Polynomial Optimization 1: Motivation

(Nov 28, 2013)

A (constrained) polynomial minimization problem is in the form

 (\mathcal{PO})         \displaystyle p^{\text{min}} \triangleq \inf_{x\in \mathbb{R}^n} p(x) subject to g_1(x)\geq 0, \cdots, g_m(x)\geq 0

where p,g_1,\cdots,g_m are polynomials in x = (x_1,\cdots,x_n) with real coefficients.

If m = 1 and g_1(x)\equiv 0, then the above problem becomes \displaystyle \inf_{x\in \mathbb{R}^n} p(x), an unconstrained polynomial minimization problem.

The purpose of writing this series is to introduce the basic principles related to this kind of problem. Before we begin, the prerequisites are:

1. Complexity Notions

2. Undergraduate level abstract algebra

3. Undergraduate level real analysis

4. Knowledge about linear programming and semidefinite programming is a plus

We collect all points in \mathbb{R}^n that meet the constraints of (\mathcal{PO}) by

K \triangleq \{x\in \mathbb{R}^n:g_1(x)\geq 0,\cdots, g_m(x)\geq 0\}.

This set K is called a basic closed semialgebraic set. Abstract algebra is employed to study the geometry of K. The field doing this thing is called real algebraic geometry.

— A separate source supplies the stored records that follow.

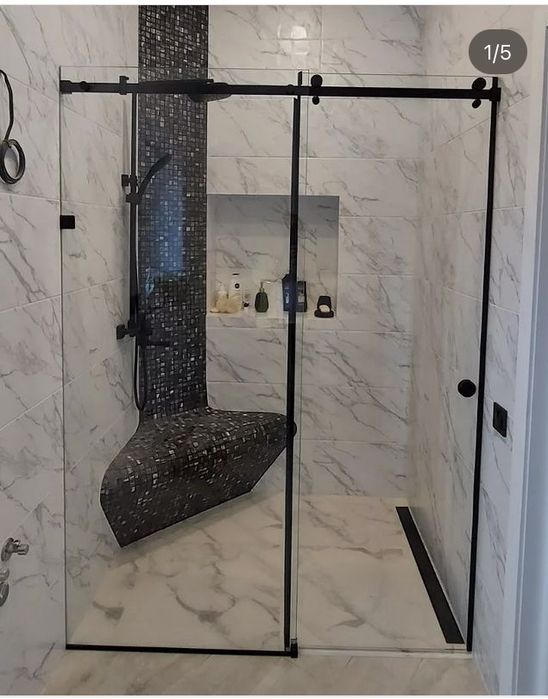 Душевые кабины из закаленного стекла. Перегородки в душ.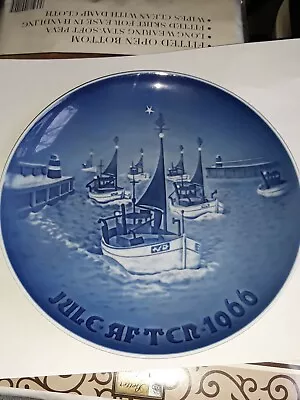 B&G Copenhagen Blue Porcelain Jule After ( Jul) Girl Christmas Eve Plate -1966 • $13.57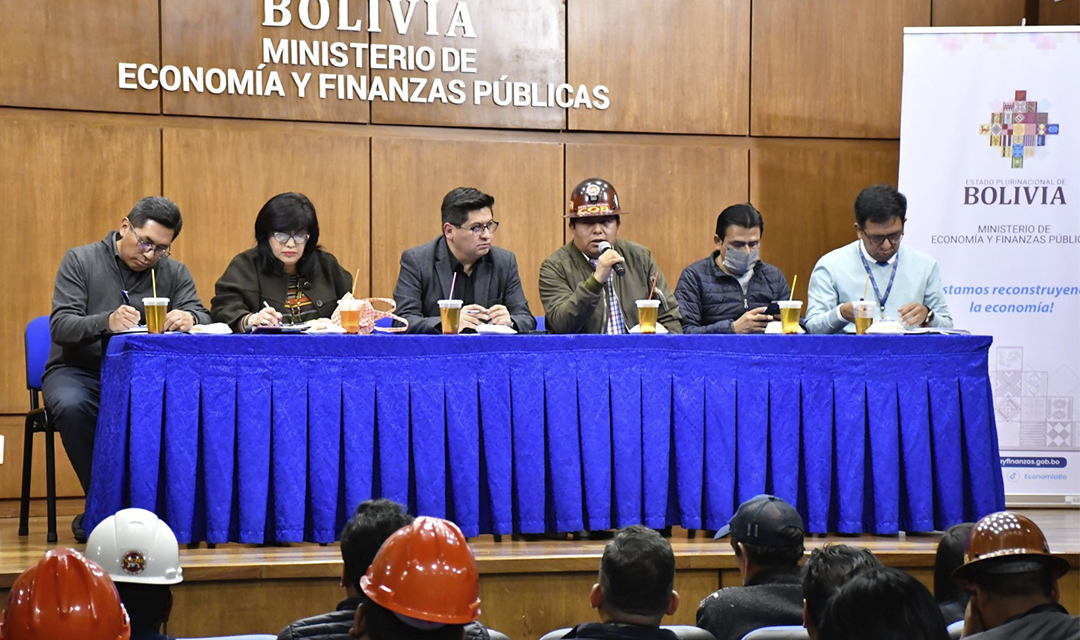 El Ministro de Economía junto a representantes de la COB. (Foto: Ministerio de Economía)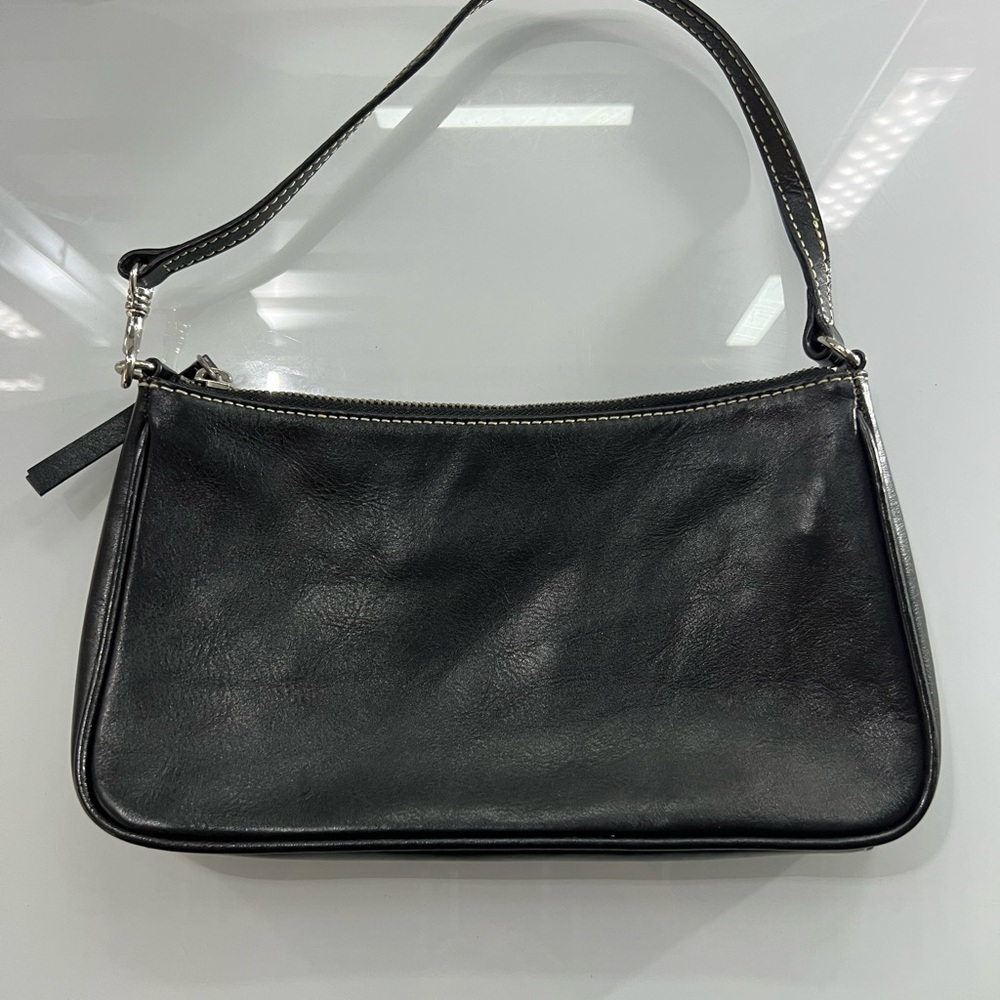 Banana Republic Vintage Classic Black leather Shoulder Bag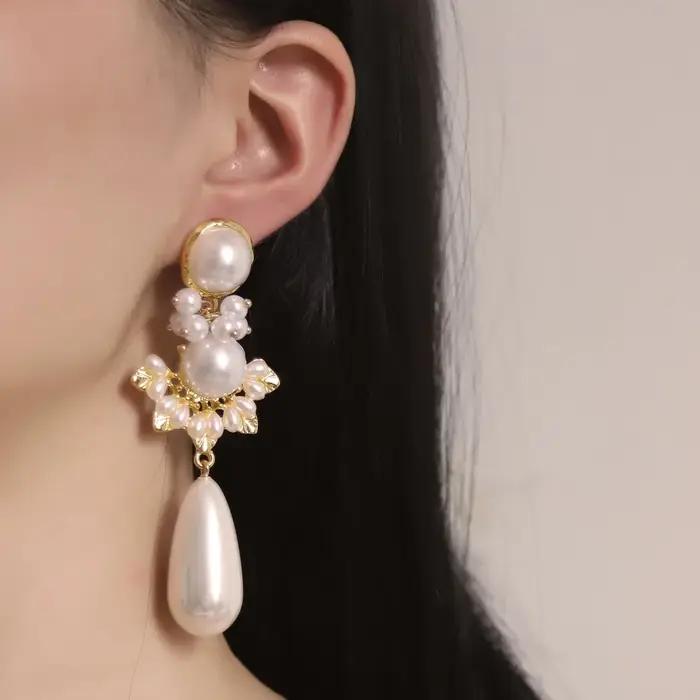 Boucles d'oreilles élégantes en perles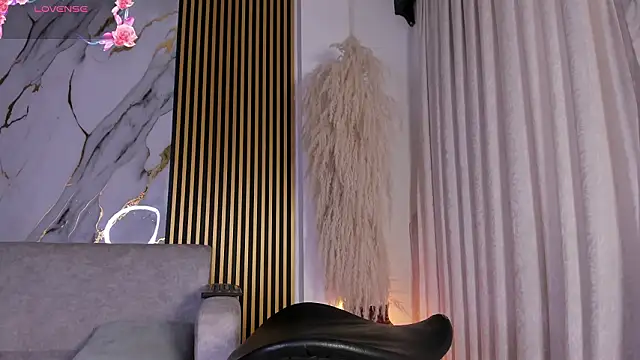 JulienSaint online show from 4, 3, 2026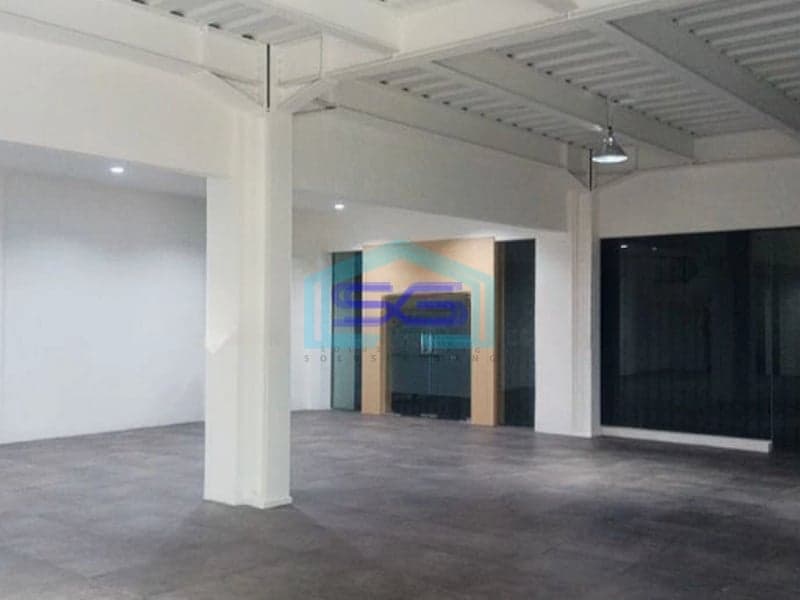 Dijual Gedung Jalan Boulevard Barat Kelapa Gading Jakarta Utara LB 600m2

There is a duality between nonnegative polynomials and a special type of Borel measures on some Euclidean space. This suggests some relation between solving (\mathcal{PO}) and measure theory.

Now let’s look at some examples of (\mathcal{PO}).

Example 1 (Linear Programming).          When the objective function and all constraints are linear polyomials, (\mathcal{PO}) is a linear programming (LP) problem which can be expressed as

\min \ c^T x\text{ subject to }Ax\leq b

where A\in \mathbb{R}^{m\times n}, b \in \mathbb{R}^m and c\in \mathbb{R}^n.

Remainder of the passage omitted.